OBITUARY: Buddy Tyson Kimberley cowboy, tour guide March 24, 1942 — October 19, 2011

Buddy Tyson, who died on October 19, was a larger-than-life Kimberley cowboy known for his wise cracks and whip cracks.

Buddy made a name for himself on the rodeo circuits of the Top End, and later became well known as a tour guide at El Questro Station.

A man with a yarn for every occasion, he could always be found in a big hat, check shirt and boots, having a cold beer before his weekly whip-cracking show at the station’s Swinging Arm Bar which was adorned with photos of a handsome, younger Buddy made up as a rodeo clown.

Buddy Tyson was born at Springsure, Queensland, on March 24, 1942, and spent his childhood droving stock with his father before leaving home at age 14 and travelling to Brisbane to live with his grandmother and look for work.

At age 15, Buddy had his mind set on working in the Top End and bought a train ticket for Townsville, leaving Brisbane with a suitcase, a swag and not much else.
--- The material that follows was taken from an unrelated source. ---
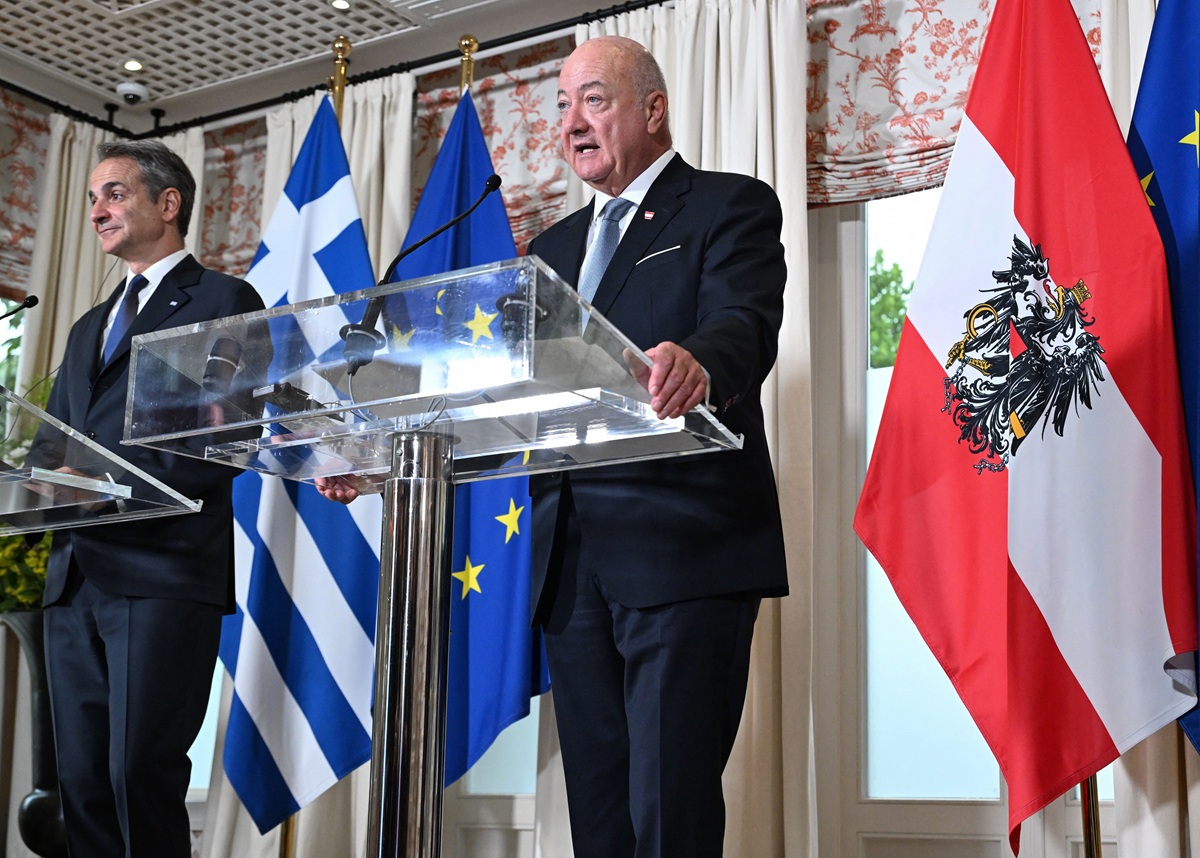 Στόκερ: «Η Ελλάδα έχει εξελιχθεί σε μία από τις πιο ανθεκτικές οικονομίες της Ευρώπης»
From there he headed west to Charters Towers, Cloncurry and eventually the Northern Territory.

Over the next 30 years he lived the life of a Top End stockman. Buddy first visited the Kimberley in the early 1960s with drover Harry Wilson to pick up a mob of bullocks.

The pair flew into Wyndham on a DC-3 and from there onto Old Mistake Creek homestead, south of Kununurra, where they picked up the mob and drove them to Camooweal, before turning around and bringing the horses back to WA.

When he wasn’t droving, Buddy was chasing the rodeo circuit through South Australia, Victoria, New South Wales, Queensland, the Northern Territory and WA.

He also worked a while for RM Williams on his property at Rockybar, near Toowoomba, and modelled for the legendary bushman’s clothing catalogues.

In the 1990s, Buddy started working as a stockman and tour guide at El Questro Station. He
worked at the station until his death, becoming a favourite with “the oldies” who loved his whip cracking show and his humour.

Buddy’s yarns were always followed by a thunderous burst of laughter. He always said life had been good to him, and you didn’t need to be rich to enjoy it.

“It costs you nothing to be yourself,” was a favourite saying of the old rodeo champion.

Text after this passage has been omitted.